My name is Savage. That’s the name I got in prison from members of the Hell’s Angels and Outlaws motorcycle gangs. I was in prison for over twenty years because of an unjust conviction.
When I was arrested, I was part way through law school, had an Honorable discharge from the United States Marine Corps, had spent time in an Army Green Beret unit, and had a job lined up as a Chicago cop. I was planning on working in the CPD Gang Crime Unit while finishing law school, because I hated gang members as much as I hated drug dealers, and then starting my own law practice or continuing with the police.

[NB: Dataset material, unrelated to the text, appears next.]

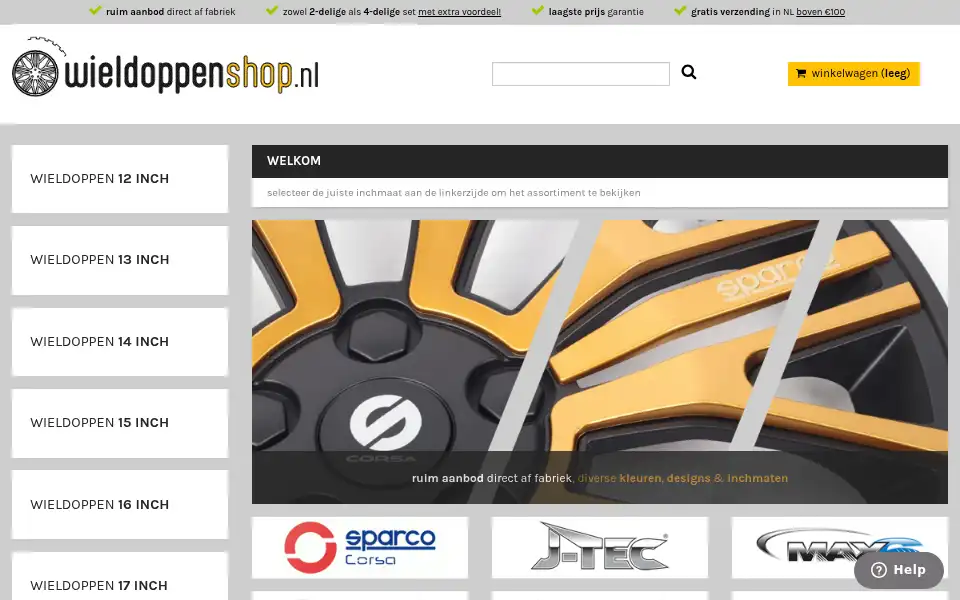 Screenshot of wieldoppenshop.nl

Instead, I spent the next twenty plus years in maximum security prisons, experiencing and somehow surviving things you’ve never imagined.
Think about what it would be like for you, in the life you are living right now, to be suddenly and forcibly taken away from everything you know, accused of things you have never done, have half of your so-called friends and society turn against you, and then be sentenced to prison for decades.
And that’s only the beginning. Next, you find yourself in prison–maximum security. A maximum security prison is a very harsh place. It isn’t like hell, it is hell.
But I survived it, I grew stronger. Despite all the horrific obstacles, I never compromised myself in prison, and I refuse to compromise myself now that I’m out. I followed my own personal code then, and I’m going to follow it now. Is that a problem?